Это было бы еще полбеды, но дело в том, что Яковлев вовсе не равнодушный художник. Наоборот, особую прелесть его жанров представляет именно авторская задумчивость, какая-то горечь на дне их, какая-то еле слышная жалоба, которая как будто срывается с уст художника в то самое время, когда он чертит перед нами свои, становящиеся от этого почти загадочными, образы.
Редко когда с такой определенностью стояла передо мною вновь мысль о так называемой «тенденциозности», как в минуты чтения этих по-своему захватывающих маленьких беллетристических очерков.
Но кто же не знает, в самом деле, что «тенденциозным» быть нельзя, что «тенденция» — это враг искусства? Ведь это значит идти по проторенной дороге, следовать за руководителями хорошего вкуса, если писать, опасаясь малейшей тенденциозности и гордясь полной объективностью своих произведений!
Но, кажется, уже не раз выяснялось более вдумчивыми и более социально настроенными теоретиками искусства и критиками его, что под словом «тенденция» вовсе не надо разуметь всякого идейного и чувственного освещения художественно обрабатываемого материала.

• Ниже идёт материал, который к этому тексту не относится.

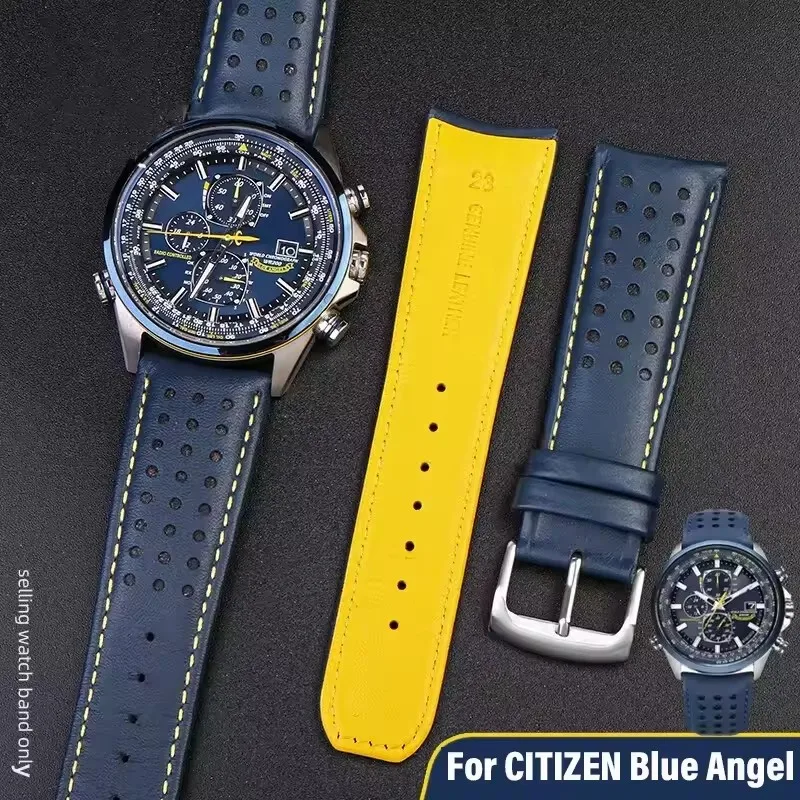 Curved End Leather Watchband for Citizen Blue Angel AT8020-54L/8020-03L JY8078 AT8020 Series Bracelet Strap 22mm 23mm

Кто такой, в самом деле, художник? Неужели это человек без мозга и без сердца, обладающий только каким-то волшебным свойством фотографического аппарата, делающим его необыкновенно точным регистратором жизни? Или, быть может, рядом с таким «реалистом» надо поставить еще «фантаста», холодно плетущего какие-то вымыслы над жизнью и радующегося своим краскам, как мастер, ткущий ковер? Я нисколько не отрицаю, что такие художники бывают, но для нас это — художники упадка. Мы признаем здоровыми те эпохи и классы, которые полны бурной борьбой и бурным строительством. Равнодушие и спокойствие, к какой бы изощренности формы они ни приводили, являются для нас признаками дряхлости, сна и декаданса. В бурной же строительной эпохе на первый план выдвигается совсем другое. Художник этих эпох становится поэтом или живописцем, потому что он чутче своих сограждан, потому что он мыслит ярче и богаче, потому что он чувствует восторженнее или мучительнее. В эти эпохи художник является выразителем масс и подчас учителем и руководителем их.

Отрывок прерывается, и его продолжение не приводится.